Location: Sunflower and Plant Biology ResearchTitle: Fatty acid and transcript profiling in developing seeds of three Brassica napus cultivars Author
|Petkova, Mariana - Agricultural University Of Bulgaria|
|Rahman, Mukhlesur - North Dakota State University|
Submitted to: Plant Breeding and Seed Science
Publication Type: Peer Reviewed Journal
Publication Acceptance Date: 5/30/2016
Publication Date: 8/22/2017
Citation: Petkova, M., Chao, W.S., Cook, L., West, M., Rahman, M., Foley, M.E. 2015. Fatty acid and transcript profiling in developing seeds of three Brassica napus cultivars. Plant Breeding and Seed Science. 72(1):3-32. https://doi.org/10.1515/plass-2015-0029.
DOI: https://doi.org/10.1515/plass-2015-0029 Interpretive Summary: Canola is a relatively new crop in the U.S. with 80% of the acreage in North Dakota. We examined the level of fatty acids during seed development for three cultivars that might be important for the public canola breeding program in at North Dakota State University. The expression of several genes involved in the biosynthesis of oil, fatty acids, and seed proteins for the three cultivars was also determined. Data were subjected to correlation analyses to determine potential associations between gene expression and fatty acid levels across cultivars. Correlation analysis indicated no general trend; rather correlations seem to depend on the genotype.

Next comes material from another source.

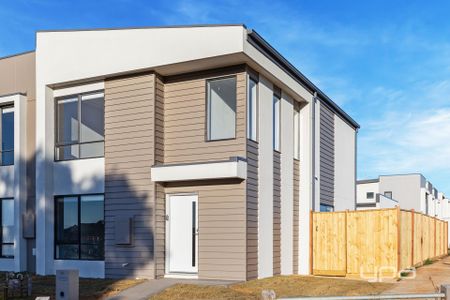 Captivating Brand-New Townhouse in Thornhill Park - Photo 5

Technical Abstract: Fatty acid levels and gene expression profiles for selected genes associated with the synthesis of fatty acids (FA), triacylglycerol, and oil body proteins were examined in three oilseed rape (Brassica napus) cultivars that have utility for cultivar development in our spring canola breeding program. The seed oil content of Bronowski, Q2, and Westar was 39.0, 40.1, and 40.6%, respectively at 40 days after flowering (DAF). During the 20 to 40 day period of seed development, cultivars had varying levels of palmitic, stearic, oleic, linoleic, a-linolenic, eicosenoic, and erucic acid. In general, the percentage of each FA was similar among the cultivars during seed development. However, the level of oleic acid was lower and the levels of eicosenoic acid and erucic acid were higher in Bronowski than in Q2 and Westar seeds; linoleic acid also tended to be lower in Bronowski. Gene expression among the cultivars was similar from 10 to 40 DAF. The few exceptions were that expression of KAS1 and SAD were higher in Westar and Q2 than in Bronowski at 25 DAF, SAD was highest in Q2, intermediate in Westar, and lowest in Bronowski at 35 DAF, FAD2 was higher in Q2 than in Bronowski at 35 DAF, FAD3 was higher in Q2 than in Bronowski at 15 DAF and Q2 and Westar at 25 and 30 DAF, and FAE1 was higher in Westar and Q2 than in Bronowski at 30 DAF. Correlation analysis for gene expression against DAF for each genotype supported a common trend in gene expression among the three cultivars with gene expression tending to decrease over time; except for LPAAT, which tended to increase. The correlation between the level of FAs and expression of genes by genotype indicated no general trend; rather correlations seem to depend on the genotype.